Do signo de virgem, com ascendente em libra e lua em capricórnio, ele, que tanto acreditava na astrologia, explicava pelo seu mapa astral sua compulsão por organização e pela eficiência. Lapidava exaustivamente seus textos, preocupando-se com o som, melodia, harmonia. E assim se enveredou por vários gêneros com maestria. Escreveu romances, o primeiro deles, aos 19 anos, intitulado Limite Branco (1970), que, nas palavras de Italo Moriconi no prefácio do livro, é “um romance sobre a adolescência escrito por um quase ainda adolescente, um pós-adolescente”, mas que nem por isso se mostra como uma narrativa fraca ou imatura; desde o início é possível ver a escrita poética do autor nos relatos mais simples do cotidiano, demonstrando um grande trabalho com a linguagem. Ainda conforme Moriconi, “de tão perfeito que é, de tão bem construído, arrisco-me a dizer que se posiciona como um clássico no gênero em nossa literatura”. É um menino que tem a força e a elegância de um gigante.
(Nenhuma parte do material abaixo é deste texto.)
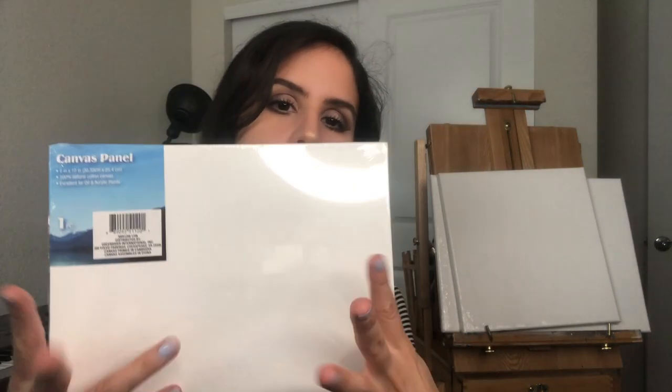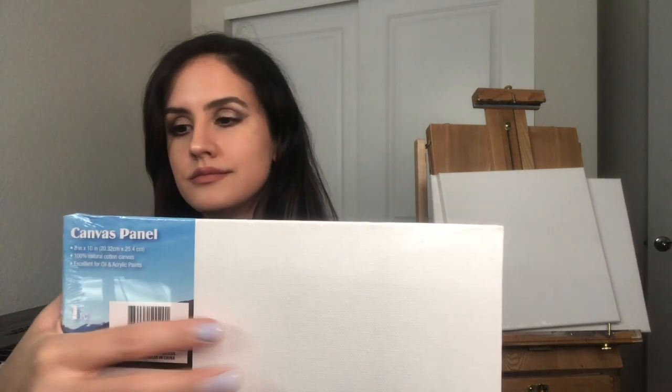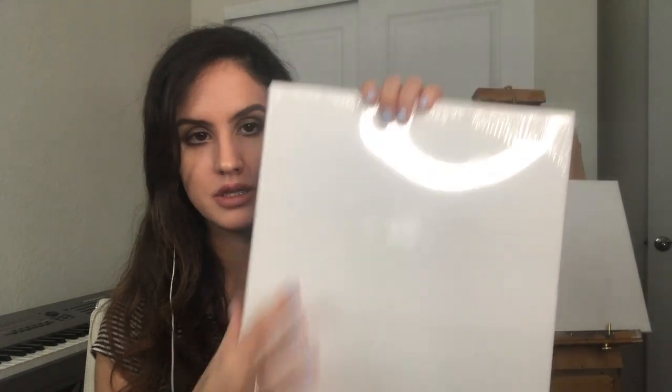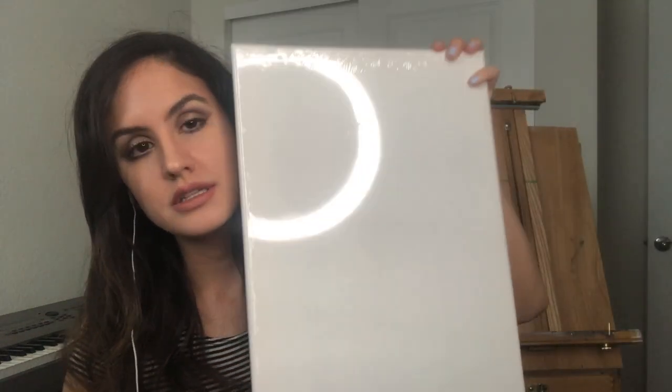I have this small canvas — it's pretty much the size of a normal face. Then I have this medium canvas, which is a little bit bigger than a face. Then I have this medium to large canvas that is like two faces.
Seu segundo romance é Onde andará Dulce Veiga? (1990), que recebeu o Prêmio da Associação Paulista de Críticos de Artes, e que, em 2008, ganhou uma versão cinematográfica, com roteiro e direção do seu amigo Guilherme de Almeida Prado. O romance narra, em linhas gerais, a história da procura por Dulce Veiga, cantora da década de 1960 que desaparece misteriosamente no dia da estreia do seu primeiro grande show. Essa busca pela cantora, vinte anos depois do seu sumiço, revela, também, uma procura do narrador por ele mesmo.
Em 1983, Caio Fernando Abreu publicou Triângulo das águas, um agrupado de três novelas que caminha pelos mistérios da existência, do místico, da busca por alguma coisa que sempre faz falta, da procura pelo entendimento de si e do outro, da simbologia dos signos da água. Era pela água, aliás, que o autor gostaria que esse livro fosse lido e sentido: “como um murmúrio do rio, um suspiro do lago ou um gemido do mar”, disse ele em “Para não gritar”, apresentação da sua reunião de novelas.
Etimologicamente, a palavra poeta tem seu radical proveniente do grego poiesis, que significa, em linhas gerais, fazer, fazer passar do não ser para o ser. O poeta, portanto, é aquele que faz e, ao mesmo tempo, está se fazendo no processo de sua escrita. Como um grande poeta dentro da prosa, Caio F. não deixaria de se refazer durante esse processo. Ainda em “Para não gritar”, o poeta-prosador afirmou: “eu simplesmente posso dizer que não o escrevi [o livro]: fui escrito por ele”. Cabe ressaltar, ainda, que pelo livro em questão, Abreu recebeu o Prêmio Jabuti de Literatura em 1984. O autor, em 1988, lançou mais uma novela, seu primeiro livro infanto-juvenil, intitulado As frangas, que dialoga com A vida íntima de Laura, de Clarice Lispector.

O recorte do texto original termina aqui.